I watched carefully as the solution ran into the bag, making sure it was crystal clear. I placed my hand beneath the bag and looked through the liquid that was pouring in, making sure I could see every fingerprint on my fingers directly through the liquid.
The enemy here was cloudiness in the fluid. Had there had been any sign of that, red flags of danger would have sprung up in my head, and I would have instantly alerted her to the seriousness of the situation. You see, cloudy peritoneal solution is the first sign of infection. And for a diabetic with non-functioning kidneys, an infection, no matter how small, can become a very serious problem. That was why I studied the solution so intently, and that is why by running my hand beneath the bag and making sure I could see even intricate details like my fingerprints, I was able to breathe a sigh of relief during this transfer of peritoneal solution, as it remained crystal clear.
From this moment on, and as often as I could, 4 times per day I would ‘assume the position’ as we called it, by taking my place at her feet and watching the used fluid drain into the bag. As we found out, this became an incredibly effective way to see cloudy drain fluid, and although rare, when the solution exhibited even the least bit of cloudiness, antibiotics could be administered and at no time was Karen ever adversely affected by a rampant infection.
After a few weeks of doing exchanges, she began to literally tune in to her body’s need. If she had an active day, she had less fluid in her system, so the 1.5% was the best choice. For special occasions and holidays, which invariably meant a higher liquid consumption, she would typically use a 3.5% solution.
From that first moment on, we always carried a dialysis emergency ‘kit’ inside the trunk of our car. This consisted of 4 transfer tubes, 2 of each kind of solution, several pairs of rubber gloves, a clean folded sheet, and a couple cans of spray disinfectant hand cleaner as well as a bottle of Isopropyl alcohol. In this way and no matter where we were, if the need arose, she was always able to do an exchange at a moments notice.

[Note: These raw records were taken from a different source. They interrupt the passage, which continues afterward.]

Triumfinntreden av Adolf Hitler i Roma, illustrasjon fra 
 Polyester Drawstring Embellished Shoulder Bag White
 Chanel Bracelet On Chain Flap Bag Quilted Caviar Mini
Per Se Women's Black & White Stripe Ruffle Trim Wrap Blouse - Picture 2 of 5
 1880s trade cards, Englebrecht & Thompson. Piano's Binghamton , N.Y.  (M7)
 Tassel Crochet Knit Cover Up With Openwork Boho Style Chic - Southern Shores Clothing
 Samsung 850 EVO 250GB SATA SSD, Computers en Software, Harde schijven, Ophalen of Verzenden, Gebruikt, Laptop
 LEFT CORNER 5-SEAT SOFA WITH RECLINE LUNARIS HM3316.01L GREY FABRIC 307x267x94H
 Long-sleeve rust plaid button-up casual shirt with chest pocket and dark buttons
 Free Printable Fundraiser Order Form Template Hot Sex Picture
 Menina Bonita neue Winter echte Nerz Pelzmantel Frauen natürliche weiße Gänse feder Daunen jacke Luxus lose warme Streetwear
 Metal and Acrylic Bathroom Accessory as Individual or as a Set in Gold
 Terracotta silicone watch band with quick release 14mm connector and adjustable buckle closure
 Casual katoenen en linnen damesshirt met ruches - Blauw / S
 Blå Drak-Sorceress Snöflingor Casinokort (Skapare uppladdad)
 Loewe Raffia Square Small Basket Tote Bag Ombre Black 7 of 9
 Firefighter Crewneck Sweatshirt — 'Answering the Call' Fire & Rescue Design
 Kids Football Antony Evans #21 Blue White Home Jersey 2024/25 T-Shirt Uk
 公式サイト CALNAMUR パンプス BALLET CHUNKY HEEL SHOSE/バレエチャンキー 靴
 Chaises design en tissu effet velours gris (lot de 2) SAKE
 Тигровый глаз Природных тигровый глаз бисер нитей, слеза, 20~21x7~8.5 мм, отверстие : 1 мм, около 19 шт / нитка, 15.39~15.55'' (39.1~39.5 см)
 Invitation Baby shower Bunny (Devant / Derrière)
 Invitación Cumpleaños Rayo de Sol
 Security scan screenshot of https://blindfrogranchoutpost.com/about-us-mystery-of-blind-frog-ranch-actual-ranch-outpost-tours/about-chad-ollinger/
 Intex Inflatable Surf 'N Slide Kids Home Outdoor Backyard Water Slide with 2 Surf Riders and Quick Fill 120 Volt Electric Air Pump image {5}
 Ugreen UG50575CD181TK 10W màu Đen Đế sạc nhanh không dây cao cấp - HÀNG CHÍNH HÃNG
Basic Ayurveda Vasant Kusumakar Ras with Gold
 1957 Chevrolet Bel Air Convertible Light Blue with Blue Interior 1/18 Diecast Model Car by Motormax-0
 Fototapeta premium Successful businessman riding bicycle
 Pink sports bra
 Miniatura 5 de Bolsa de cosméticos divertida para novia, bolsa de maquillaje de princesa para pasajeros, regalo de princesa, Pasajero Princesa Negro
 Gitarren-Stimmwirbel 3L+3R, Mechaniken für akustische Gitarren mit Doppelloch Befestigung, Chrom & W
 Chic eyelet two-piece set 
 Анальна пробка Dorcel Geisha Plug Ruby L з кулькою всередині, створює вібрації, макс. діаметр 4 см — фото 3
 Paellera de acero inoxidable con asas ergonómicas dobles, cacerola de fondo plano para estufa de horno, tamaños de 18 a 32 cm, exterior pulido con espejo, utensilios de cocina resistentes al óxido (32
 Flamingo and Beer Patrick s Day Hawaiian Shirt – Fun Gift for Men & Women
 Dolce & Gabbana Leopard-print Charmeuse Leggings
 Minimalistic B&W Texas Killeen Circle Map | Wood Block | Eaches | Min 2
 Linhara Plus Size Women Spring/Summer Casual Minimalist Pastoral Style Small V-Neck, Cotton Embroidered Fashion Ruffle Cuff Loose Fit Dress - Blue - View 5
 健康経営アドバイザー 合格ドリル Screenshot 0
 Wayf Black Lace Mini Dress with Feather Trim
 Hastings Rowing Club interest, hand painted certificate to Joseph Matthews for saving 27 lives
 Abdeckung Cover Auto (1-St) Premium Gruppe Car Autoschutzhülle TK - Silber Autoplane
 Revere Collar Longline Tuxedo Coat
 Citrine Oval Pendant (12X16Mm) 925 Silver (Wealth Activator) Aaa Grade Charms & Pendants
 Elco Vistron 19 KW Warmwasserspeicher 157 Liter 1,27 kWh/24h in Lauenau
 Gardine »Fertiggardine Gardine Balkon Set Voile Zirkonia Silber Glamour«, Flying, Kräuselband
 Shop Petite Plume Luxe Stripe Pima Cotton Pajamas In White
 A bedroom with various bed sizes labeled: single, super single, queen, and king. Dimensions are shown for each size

As we found out, PD was certainly annoying, but it never became such a hindrance that we stopped doing the things we loved. We were still able to go camping, hiking, fishing and all of the other outdoor activities that she so much enjoyed, as long as Karen was able to do exchanges on a regular basis.
During tent camping, we always informed the ranger on site about Karen’s dialysis, just in case there was an emergency. Although usually limiting our time to 3 or 4 days, a few times we tent camping for as long as a week, making sure to bring plenty of solution, gloves, transfer sets, a fold up chair to allow gravity to drain the solution, and everything else we needed.
Our biggest concern was keeping the area sterile, and this was absolutely critical, particularly in an out of doors scenario, which is anything but. For these excursions we always brought along several bleached white sheets with us, spreading one on the floor before every exchange, then spraying over the top with an antibacterial spray as a precaution.
We would go to the local laundromat and wash these sheets a couple times during that week, and in this way, the sheets always remained clean and usable. Doing this consistently, taking the time to set up and make sure everything was clean and sterile when out of doors, made sure her dialysis always went off without a hitch.
From then on, that was the life that Karen and I led. Since we were married and partners, I did the best I could do to share that life and do everything I could to make sure that her life continued to be a part of my life, no matter what it entailed.